All of these characters' intersect with each other at some point in the story, mimicking the idea that not only are we all connected in some way or another, but so is nature. But one of the more interesting character-driven aspects of the story is the role of activism. What causes a person to become an activist, to see what others don't or can't or refuse to? And further, what causes that activist to turn violent? At what point does a person talk himself into the ends justifying the means?

I intensely loved this book. And it's not just me — it has an average rating of 4.38 on Goodreads, which is nearly Harry Potter-level high. And Ron Charles, The Washington Post's book critic, says The Overstory "soars up through the canopy of American literature and remakes the landscape of environmental fiction," among many other very nice things. Every year or so, there's a novel for which I become a borderline-annoying book evangelist. This one is it. Read it!

(If you want to read a long exegesis of this novel, Nathaniel Rich, whose novel King Zeno I really enjoyed as well, wrote this piece in the most recent issue of The Atlantic. He's firm and fair and points out some of the flaws and potential logical shortcomings in Powers' argument. But my issue with Rich's piece is that I never got a sense of the simple question of whether or not he liked the novel.)


Tuesday, June 5, 2018

Heart Spring Mountain: Rediscovering a Sense of Place and History

Robin MacArthur's slim, elegant short story collection published in 2016 — Half Wild — surprised me in how much I liked it. And she pulled off a similar trick with her debut novel, Heart Spring Mountain. The story of three generations of women isn't something I'd normally leap at. But I liked MacArthur's style enough in her short stories (and her environmentalism — check out this interview in the Chicago Review of Books) enough to give her debut novel a try.

I loved it.

Like the stories in Half Wild, the setting for this story is rural Vermont — specifically a hillside where this family has lived for 200 years.

Vale is a mid-20s woman who actually doesn't live in her childhood rural Vermont anymore. Instead, she has been living in New Orleans, bartending and stripping to make ends meet. And she's lost her sense of her roots, though she may not quite realize it. She had left Vermont after high school, and hasn't been back in the eight years since after a falling out with her drug-addicted mother, Bonnie.

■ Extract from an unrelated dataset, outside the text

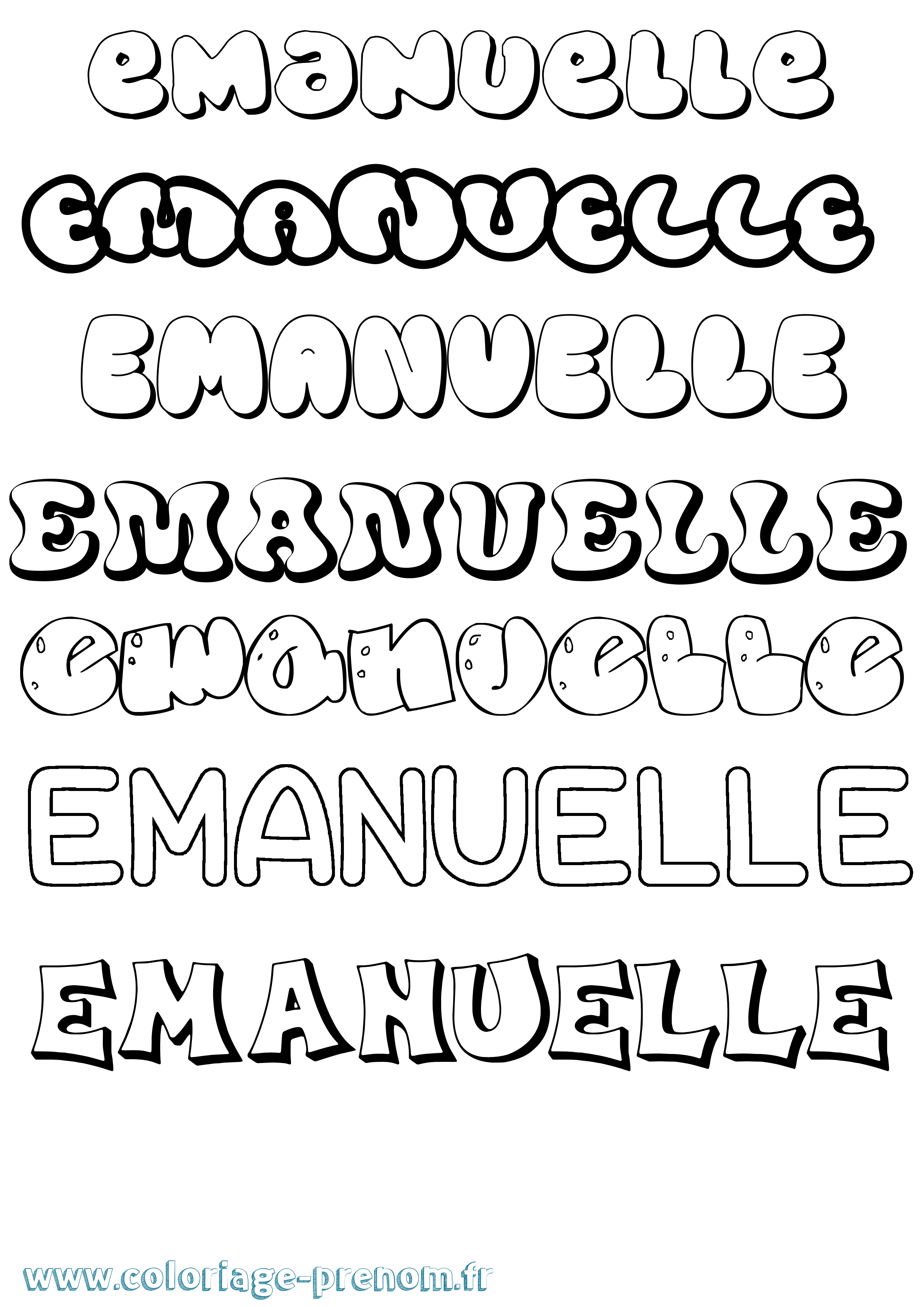 Coloriage prénom Emanuelle Bubble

As the novel begins, Bonnie disappears during Tropical Storm Irene. It's late August, 2011, and Vale returns to Vermont, reluctantly, to try to find her. While there, and living in a ratty old camper on the family's property, Vale begins to research her family history, piquing her curiosity more and more as she discovers more, and furthering her sense of who she is now and where she came from.

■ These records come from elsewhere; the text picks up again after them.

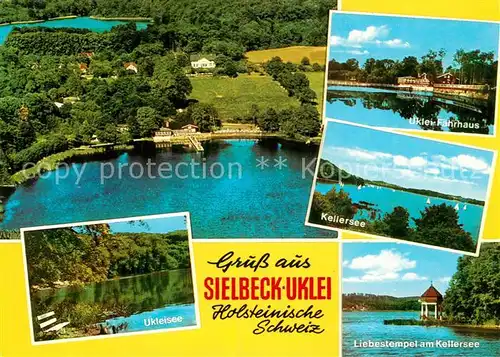 AK / Ansichtskarte Uklei_Sielbeck Fliegeraufnahme Ukleisee Liebestempel am Kellersee Faehrhaus Uklei_Sielbeck
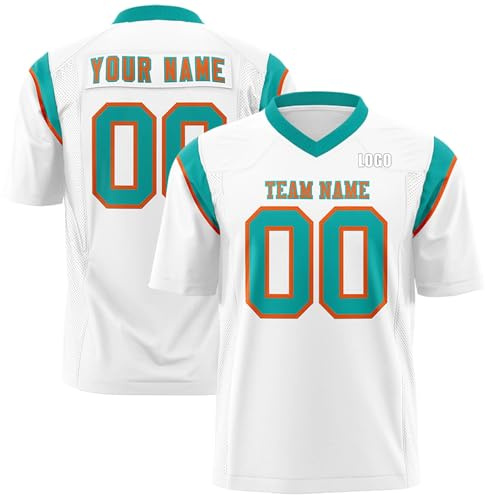 Maillot Football Americain Maillot Personnalisé avec Nom/Numéro/Logo, pour Homme Femme Adulte et Enfant (Blanc-8)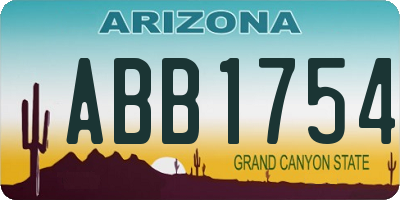 AZ license plate ABB1754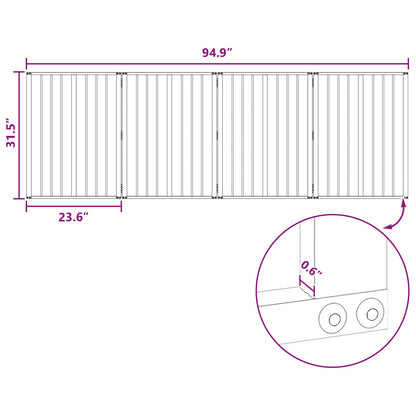 Dog Gate 4 pcs Black 60 x 80 cm Galvanised Steel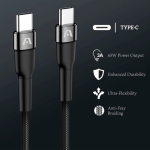 CABLE TRENZADO DE NAILON DURA SPEED DE 65W TIPO C EN AMBOS LADOS DE 1.8M NEGRO ARGCB0047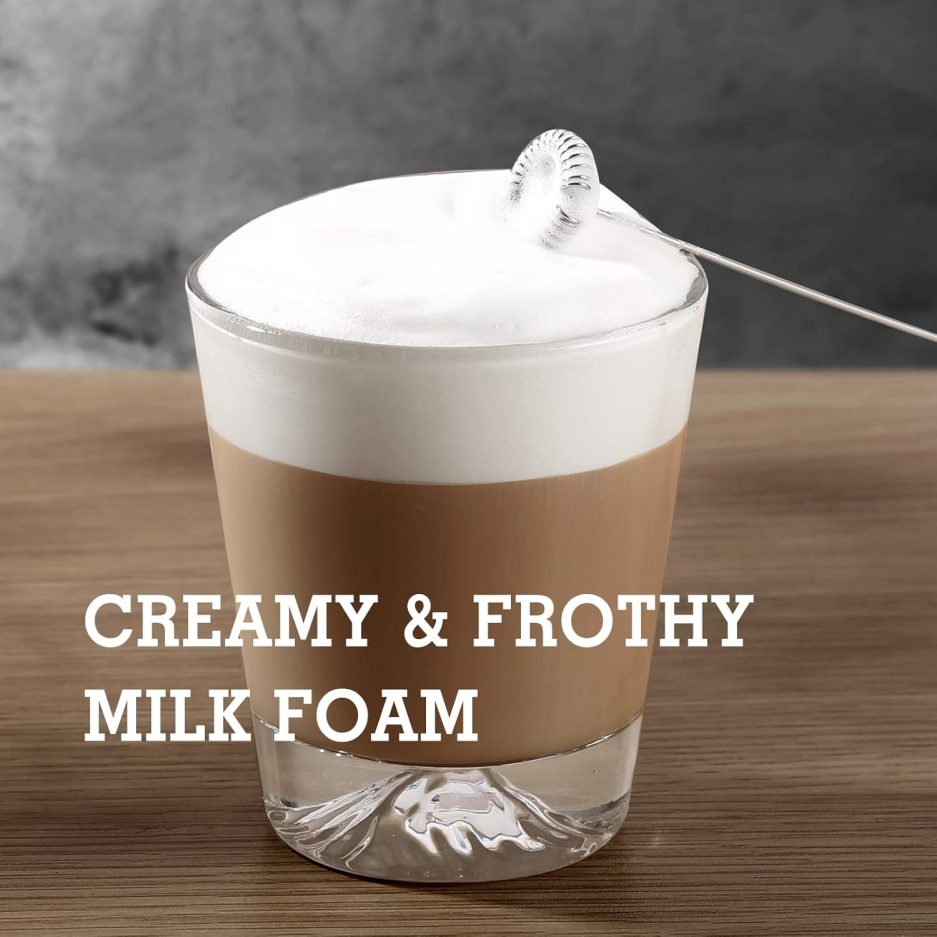 SIMPLETaste Milk Frother Handheld Battery Operated Electric Foam Maker, Drink Mixer with Stainless Steel Whisk and Stand for Cappuccino, Bulletproof Coffee, Latte - Image 5
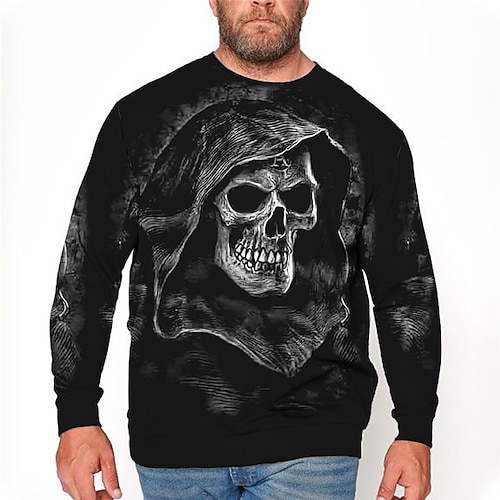 Herren Übergröße T Shirt Groß und hoch Graphic Rundhalsausschnitt Bedruckt Langarm Frühling Herbst Modisch Strassenmode Basic Komfortabel Casual Sport Oberteile Image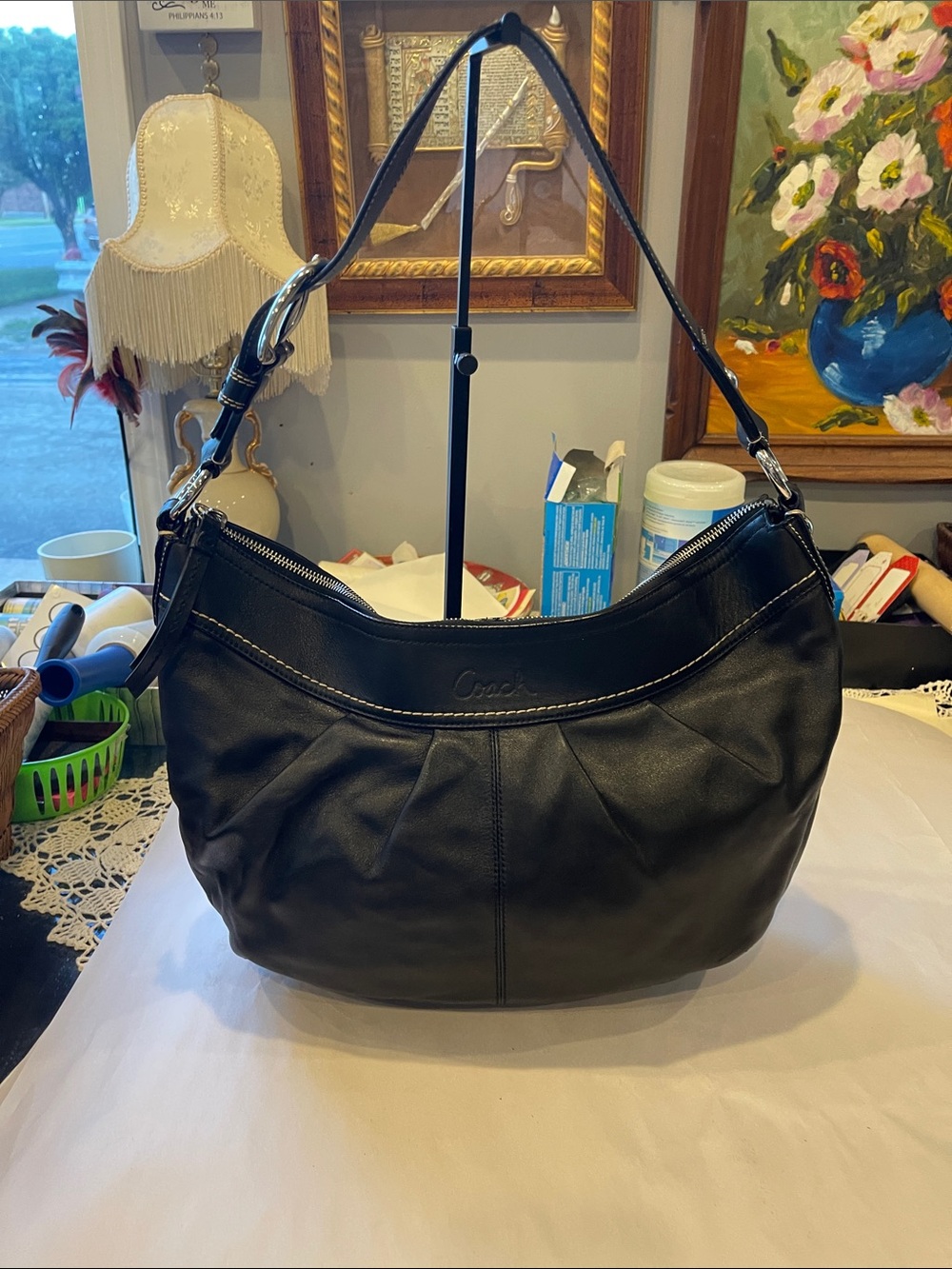 Coach Soho  Black Cowhide Leather Shoulder Hobo Bag with silver hardware
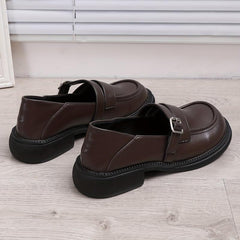 Women's Chunky Heel Loafers British Style Buckle Strap Shoes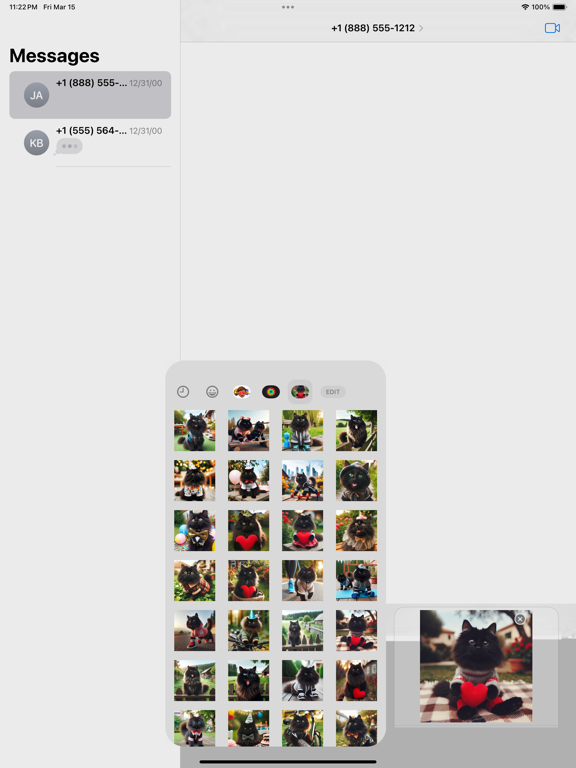 Screenshot #5 pour Black Cat Stickers packs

MacArthur writes in short chapters from the perspective of different characters at different times. Vale's grandmother Lena is a fascinating character — an eccentric, living by herself in a small cabin on the mountain, and owning a pet owl, as well as one big secret that will wind up having a profound affect on Vale.

Deb is Vale's aunt who lived on hippie commune for a while in the 1970s, married Vale's uncle Stephen, and now takes care of Vale's grant aunt and Lena's sister Hazel, whose health is failing. Hazel still lives in the house that was built more than 200 years ago. The relation between all the characters is a little confusing for a bit, but once you understand who everyone is and how they're related (I drew myself a little family tree), the story unfolds much more easily.

And again, as with MacArthur's short stories, the strength here is her description of place and her evocative, poetic writing. But her style can also be powerful, especially in Vale's case. She carries a depth of emotion that seethes beneath the surface. Something about MacArthur's writing, I just connect with; it's soothing, like the best stress reliever. So even though the pace is a bit deliberate, and not a tremendous amount actually happens, it's a novel I can't stop thinking about and can't recommend more highly if you're like me and love novels in which place is as much a character as the characters themselves.